▶ [Data block]:
- - - - - - -

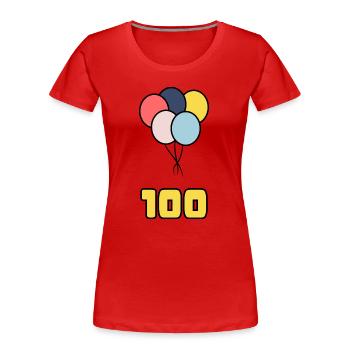 100. 100 JAHRE. 100-JÄHRIGES JUBILÄUM. GEBURTSTAG 100 - Frauen Premium Bio T-Shirt - Rot - Vorne - Mia (176cm)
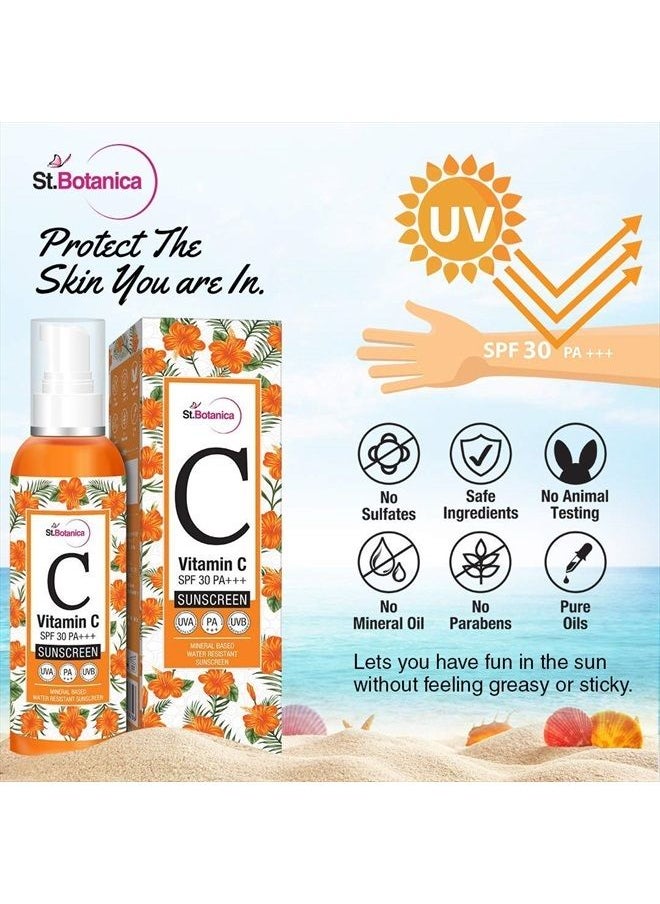 StBotanica Vitamin C SPF 30 PA+++ Sunscreen Mineral Based & Water Resistant,120ml - UVA & UVB Protection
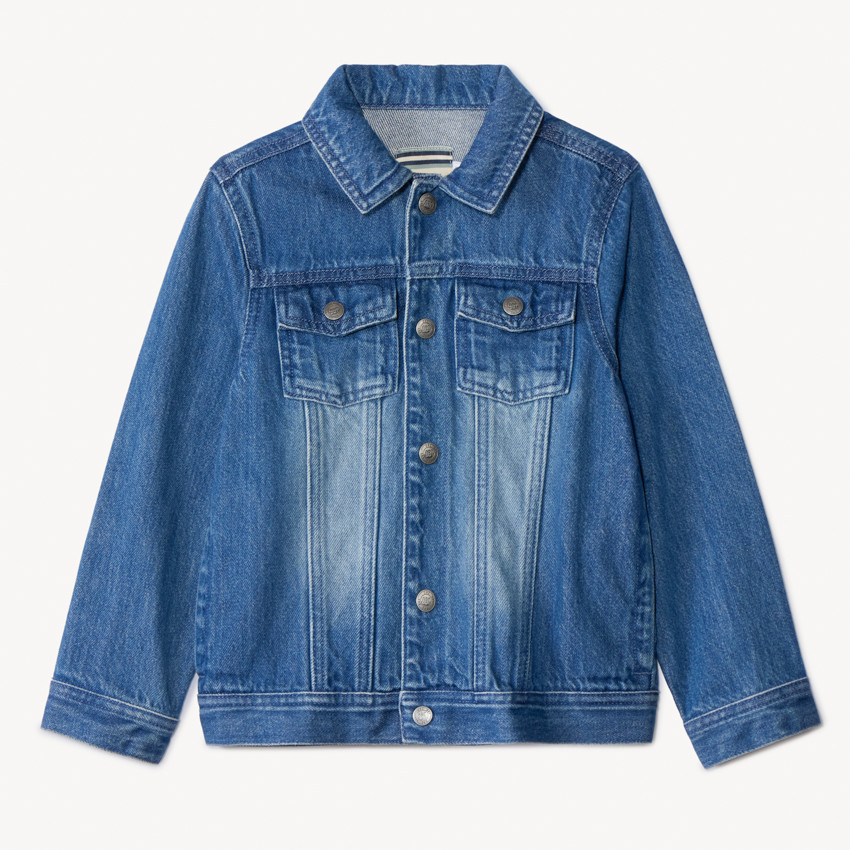 Μπουφάν jean με ξεθωριασμένο εφέ για αγόρι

- - - - - - -

▶ [Work task]: Each line of the listing above should be retyped exactly, with no pictures.

▶ [Written answer]:
 100. 100 JAHRE. 100-JÄHRIGES JUBILÄUM. GEBURTSTAG 100 - Frauen Premium Bio T-Shirt - Rot - Vorne - Mia (176cm)
 StBotanica Vitamin C SPF 30 PA+++ Sunscreen Mineral Based & Water Resistant,120ml - UVA & UVB Protection
 Μπουφάν jean με ξεθωριασμένο εφέ για αγόρι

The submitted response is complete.